Recall that in 2005, Sen. John McCain sponsored the Federal Housing Enterprise Regulatory Reform Act, saying, "For years I have been concerned about the regulatory structure that governs Fannie Mae and Freddie Mac ... and the sheer magnitude of these companies and the role they play in the housing market. ... If Congress does not act, American taxpayers will continue to be exposed to the enormous risk that Fannie Mae and Freddie Mac pose to the housing market, the overall financial system, and the economy as a whole."

McCain noted that Fannie Mae and Freddie Mac regulators concluded that profits were "illusions deliberately and systematically created by the company's senior management."

McCain was right, but Democrats, including Barney Frank, chairman of the House Financial Services Committee, ensured that nothing would be done to alter current practices at Fannie and Freddie. "These two entities ... are not facing any kind of financial crisis," Frank said at the time.

The net result of the derivative dilution was a crisis of confidence in the U.S. economy, second only to that which led to the Great Depression.

Remember when Obama claimed, "We are fundamentally transforming the United States of America"? Well, we're in mid-transformation, and how are things looking now?

Obama also said, "Generations from now, we will be able to look back and tell our children that this was our time."

Indeed, his time to saddle them and their children with unprecedented debt, not only from his "stimulus" folly, but next up, ObamaCare, and then his job-killing cap-and-tax scheme.

If you think you can count on the administration's estimates of the true cost of ObamaCare, think again. The Washington Times recently reminded us of the estimated cost of Medicare shortly after Democrats implemented it in 1965. Then, it was predicted to cost $12 billion by 1990. In actuality, it cost $98 billion, which is to say the original estimate was short by more than a factor of seven.

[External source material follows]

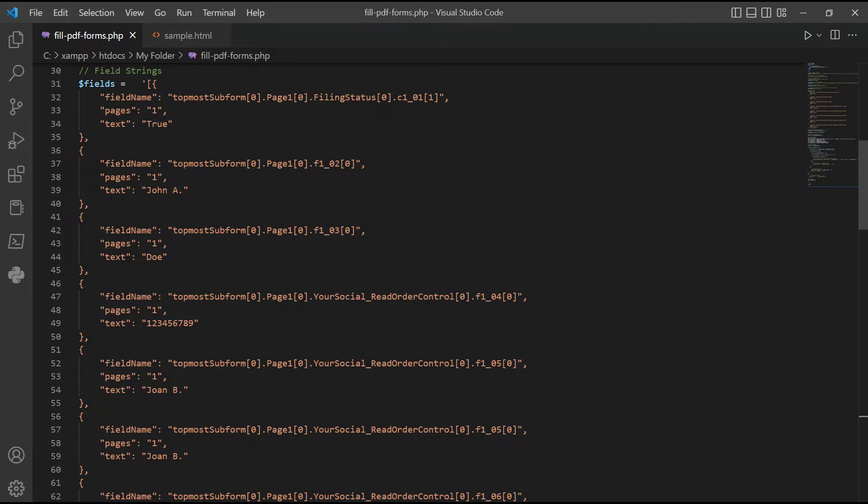In line 39, enter your first name. In line 44, add your last name. In line 49, add your social security number.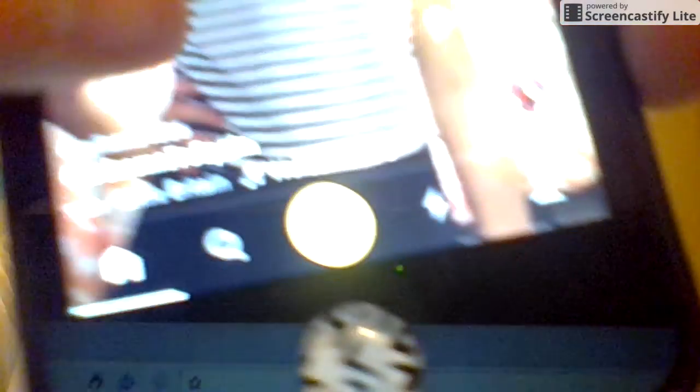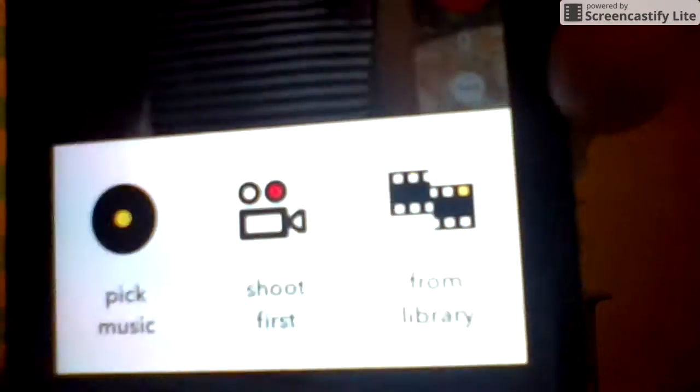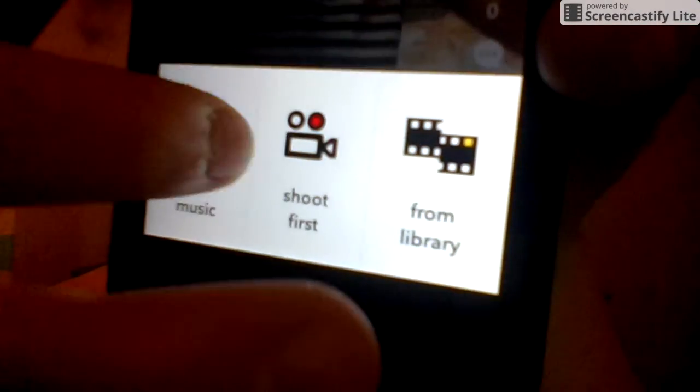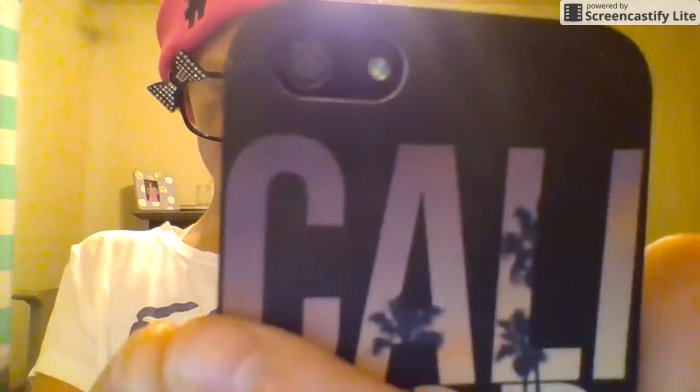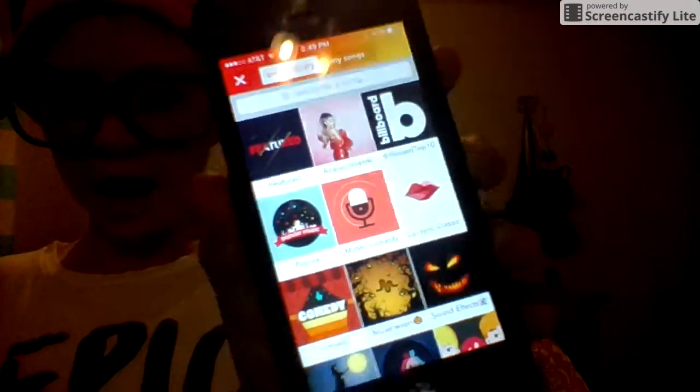Okay, so what you're going to want to do is you're going to see at the bottom a yellow plus button, and you're going to want to click on the yellow plus button. It's going to bring this up and you're going to want to hit 'Pick Music.' Oops, wrong thing. Alright, it's going to take you to this, and you're going to pick a song. Hold on a second while I pick my song. Click on it and it's going to bring you to this, and now you're going to go ahead and make it.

In my home state of Tennessee, we've already been there and done that. Our state's version of ObamaCare, known as TennCare, implemented by Democrats in 1994 ostensibly to contain healthcare expenses, has quickly grown to consume more than a third of state revenues.

The CBO now says that the $1 trillion estimated cost of ObamaCare is "subject to substantial uncertainty." How's that for qualifying understatement?

As for the big picture, U.S. National Debt topped the $12 trillion mark this week, or approximately $39,000 for every man, woman and child in America, and the federal deficit that Obama now pretends to be concerned about hit a record high $1.42 trillion for fiscal year 2009.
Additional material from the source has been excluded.